Problem requirements:
Find the line with "Uniforme en Latex" in the entries below, then reproduce it and every line after it down to and including the line with "Space background of", exactly.

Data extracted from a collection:
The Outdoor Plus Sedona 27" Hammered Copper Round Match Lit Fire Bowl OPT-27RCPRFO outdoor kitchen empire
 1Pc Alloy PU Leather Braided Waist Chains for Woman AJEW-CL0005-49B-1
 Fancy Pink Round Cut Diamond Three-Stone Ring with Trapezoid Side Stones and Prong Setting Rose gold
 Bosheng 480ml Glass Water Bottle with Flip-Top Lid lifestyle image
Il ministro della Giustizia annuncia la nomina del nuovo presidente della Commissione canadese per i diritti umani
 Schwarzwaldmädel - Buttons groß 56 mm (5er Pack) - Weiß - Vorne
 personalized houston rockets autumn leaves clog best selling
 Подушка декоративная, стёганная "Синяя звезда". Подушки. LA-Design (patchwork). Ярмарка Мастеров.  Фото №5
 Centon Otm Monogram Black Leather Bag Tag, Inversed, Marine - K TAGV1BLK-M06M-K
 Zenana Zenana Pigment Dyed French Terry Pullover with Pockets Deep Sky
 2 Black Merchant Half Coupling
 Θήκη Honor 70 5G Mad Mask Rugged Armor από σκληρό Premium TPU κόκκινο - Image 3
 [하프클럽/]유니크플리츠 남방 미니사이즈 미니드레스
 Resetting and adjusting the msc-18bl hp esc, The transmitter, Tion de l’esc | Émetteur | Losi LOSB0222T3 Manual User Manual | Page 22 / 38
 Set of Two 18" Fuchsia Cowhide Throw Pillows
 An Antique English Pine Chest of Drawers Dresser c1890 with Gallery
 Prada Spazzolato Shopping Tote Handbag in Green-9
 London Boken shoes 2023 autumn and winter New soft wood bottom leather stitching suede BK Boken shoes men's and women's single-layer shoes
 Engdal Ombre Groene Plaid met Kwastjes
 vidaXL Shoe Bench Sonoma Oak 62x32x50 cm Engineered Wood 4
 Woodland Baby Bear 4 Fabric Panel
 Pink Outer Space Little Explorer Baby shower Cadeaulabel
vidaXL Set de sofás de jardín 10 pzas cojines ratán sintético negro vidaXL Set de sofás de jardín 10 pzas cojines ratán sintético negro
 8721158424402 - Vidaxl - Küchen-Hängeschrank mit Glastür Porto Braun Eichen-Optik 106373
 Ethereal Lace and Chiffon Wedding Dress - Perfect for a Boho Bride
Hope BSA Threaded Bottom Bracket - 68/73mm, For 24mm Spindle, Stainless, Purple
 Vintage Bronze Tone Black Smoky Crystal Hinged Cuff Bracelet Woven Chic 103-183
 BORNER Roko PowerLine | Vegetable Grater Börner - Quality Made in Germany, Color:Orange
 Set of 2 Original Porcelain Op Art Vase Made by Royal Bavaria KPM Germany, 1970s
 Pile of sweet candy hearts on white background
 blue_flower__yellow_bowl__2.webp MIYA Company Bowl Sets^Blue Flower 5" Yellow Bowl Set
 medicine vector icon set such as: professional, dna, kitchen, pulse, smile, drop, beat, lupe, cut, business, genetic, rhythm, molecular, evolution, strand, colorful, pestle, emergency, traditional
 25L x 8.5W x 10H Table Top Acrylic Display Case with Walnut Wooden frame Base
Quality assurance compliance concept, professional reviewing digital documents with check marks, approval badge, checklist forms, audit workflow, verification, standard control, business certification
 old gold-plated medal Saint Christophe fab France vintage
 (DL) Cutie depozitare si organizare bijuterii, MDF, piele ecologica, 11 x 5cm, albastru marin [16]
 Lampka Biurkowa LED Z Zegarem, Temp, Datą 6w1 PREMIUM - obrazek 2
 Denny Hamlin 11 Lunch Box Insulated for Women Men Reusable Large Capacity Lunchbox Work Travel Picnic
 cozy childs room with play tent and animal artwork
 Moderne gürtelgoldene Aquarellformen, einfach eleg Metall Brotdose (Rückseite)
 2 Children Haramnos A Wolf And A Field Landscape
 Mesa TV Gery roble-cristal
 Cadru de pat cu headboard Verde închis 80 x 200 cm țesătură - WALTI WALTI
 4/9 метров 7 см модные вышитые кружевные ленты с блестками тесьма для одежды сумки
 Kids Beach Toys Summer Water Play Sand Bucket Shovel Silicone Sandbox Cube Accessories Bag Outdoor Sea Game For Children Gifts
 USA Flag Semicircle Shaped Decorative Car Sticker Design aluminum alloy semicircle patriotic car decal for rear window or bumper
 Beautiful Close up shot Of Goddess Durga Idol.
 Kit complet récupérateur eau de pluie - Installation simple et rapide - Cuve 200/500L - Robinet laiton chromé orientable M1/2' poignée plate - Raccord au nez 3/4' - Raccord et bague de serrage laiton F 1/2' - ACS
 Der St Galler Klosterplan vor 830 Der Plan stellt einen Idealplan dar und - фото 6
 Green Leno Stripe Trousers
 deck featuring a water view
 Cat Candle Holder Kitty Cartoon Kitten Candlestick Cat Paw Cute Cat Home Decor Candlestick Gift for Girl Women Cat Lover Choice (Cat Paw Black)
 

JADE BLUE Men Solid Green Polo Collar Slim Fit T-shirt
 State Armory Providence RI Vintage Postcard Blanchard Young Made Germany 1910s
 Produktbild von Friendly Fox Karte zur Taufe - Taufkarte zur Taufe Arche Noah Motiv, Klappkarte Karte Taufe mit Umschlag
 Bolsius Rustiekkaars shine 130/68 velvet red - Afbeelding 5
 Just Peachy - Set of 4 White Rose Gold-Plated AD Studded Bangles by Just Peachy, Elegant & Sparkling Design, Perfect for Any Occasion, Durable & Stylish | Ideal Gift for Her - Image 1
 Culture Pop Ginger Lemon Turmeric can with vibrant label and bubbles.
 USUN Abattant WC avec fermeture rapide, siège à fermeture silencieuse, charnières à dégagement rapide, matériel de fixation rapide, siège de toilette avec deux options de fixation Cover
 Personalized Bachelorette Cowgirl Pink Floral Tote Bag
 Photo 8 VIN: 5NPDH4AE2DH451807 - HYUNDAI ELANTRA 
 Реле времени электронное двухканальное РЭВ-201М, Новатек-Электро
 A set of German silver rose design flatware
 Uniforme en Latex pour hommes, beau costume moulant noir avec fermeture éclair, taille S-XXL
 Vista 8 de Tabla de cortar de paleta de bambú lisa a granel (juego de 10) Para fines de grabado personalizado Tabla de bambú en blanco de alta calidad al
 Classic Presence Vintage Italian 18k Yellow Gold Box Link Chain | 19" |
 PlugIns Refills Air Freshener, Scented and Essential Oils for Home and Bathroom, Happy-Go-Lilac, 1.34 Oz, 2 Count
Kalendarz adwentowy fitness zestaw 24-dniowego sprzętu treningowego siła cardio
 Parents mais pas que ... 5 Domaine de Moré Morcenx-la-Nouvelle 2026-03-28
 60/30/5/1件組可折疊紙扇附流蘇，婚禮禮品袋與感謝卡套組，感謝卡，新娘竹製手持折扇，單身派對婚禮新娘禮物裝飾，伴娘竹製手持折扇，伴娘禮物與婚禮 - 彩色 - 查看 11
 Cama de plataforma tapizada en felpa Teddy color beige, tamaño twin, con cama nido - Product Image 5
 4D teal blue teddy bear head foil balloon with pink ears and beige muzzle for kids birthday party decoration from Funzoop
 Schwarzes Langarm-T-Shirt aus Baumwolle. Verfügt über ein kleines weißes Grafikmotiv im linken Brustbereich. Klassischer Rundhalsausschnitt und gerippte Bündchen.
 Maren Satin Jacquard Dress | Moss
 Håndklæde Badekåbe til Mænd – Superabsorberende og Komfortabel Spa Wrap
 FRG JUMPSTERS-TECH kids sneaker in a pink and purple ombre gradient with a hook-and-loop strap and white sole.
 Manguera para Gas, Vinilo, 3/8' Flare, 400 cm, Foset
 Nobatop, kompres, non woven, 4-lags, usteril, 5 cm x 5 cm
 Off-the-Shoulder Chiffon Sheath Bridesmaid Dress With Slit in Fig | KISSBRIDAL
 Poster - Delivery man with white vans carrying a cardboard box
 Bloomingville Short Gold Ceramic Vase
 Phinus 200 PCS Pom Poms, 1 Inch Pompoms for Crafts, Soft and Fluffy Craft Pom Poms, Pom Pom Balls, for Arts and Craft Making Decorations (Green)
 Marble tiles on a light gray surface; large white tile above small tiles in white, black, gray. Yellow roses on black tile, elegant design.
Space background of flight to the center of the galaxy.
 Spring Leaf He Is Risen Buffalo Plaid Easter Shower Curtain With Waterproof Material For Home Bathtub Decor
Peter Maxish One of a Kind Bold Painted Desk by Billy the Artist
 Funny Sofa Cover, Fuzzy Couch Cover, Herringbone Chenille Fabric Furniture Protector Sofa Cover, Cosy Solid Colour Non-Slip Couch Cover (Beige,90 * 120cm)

Answer to the exercise:
 Uniforme en Latex pour hommes, beau costume moulant noir avec fermeture éclair, taille S-XXL
 Vista 8 de Tabla de cortar de paleta de bambú lisa a granel (juego de 10) Para fines de grabado personalizado Tabla de bambú en blanco de alta calidad al
 Classic Presence Vintage Italian 18k Yellow Gold Box Link Chain | 19" |
 PlugIns Refills Air Freshener, Scented and Essential Oils for Home and Bathroom, Happy-Go-Lilac, 1.34 Oz, 2 Count
Kalendarz adwentowy fitness zestaw 24-dniowego sprzętu treningowego siła cardio
 Parents mais pas que ... 5 Domaine de Moré Morcenx-la-Nouvelle 2026-03-28
 60/30/5/1件組可折疊紙扇附流蘇，婚禮禮品袋與感謝卡套組，感謝卡，新娘竹製手持折扇，單身派對婚禮新娘禮物裝飾，伴娘竹製手持折扇，伴娘禮物與婚禮 - 彩色 - 查看 11
 Cama de plataforma tapizada en felpa Teddy color beige, tamaño twin, con cama nido - Product Image 5
 4D teal blue teddy bear head foil balloon with pink ears and beige muzzle for kids birthday party decoration from Funzoop
 Schwarzes Langarm-T-Shirt aus Baumwolle. Verfügt über ein kleines weißes Grafikmotiv im linken Brustbereich. Klassischer Rundhalsausschnitt und gerippte Bündchen.
 Maren Satin Jacquard Dress | Moss
 Håndklæde Badekåbe til Mænd – Superabsorberende og Komfortabel Spa Wrap
 FRG JUMPSTERS-TECH kids sneaker in a pink and purple ombre gradient with a hook-and-loop strap and white sole.
 Manguera para Gas, Vinilo, 3/8' Flare, 400 cm, Foset
 Nobatop, kompres, non woven, 4-lags, usteril, 5 cm x 5 cm
 Off-the-Shoulder Chiffon Sheath Bridesmaid Dress With Slit in Fig | KISSBRIDAL
 Poster - Delivery man with white vans carrying a cardboard box
 Bloomingville Short Gold Ceramic Vase
 Phinus 200 PCS Pom Poms, 1 Inch Pompoms for Crafts, Soft and Fluffy Craft Pom Poms, Pom Pom Balls, for Arts and Craft Making Decorations (Green)
 Marble tiles on a light gray surface; large white tile above small tiles in white, black, gray. Yellow roses on black tile, elegant design.
Space background of flight to the center of the galaxy.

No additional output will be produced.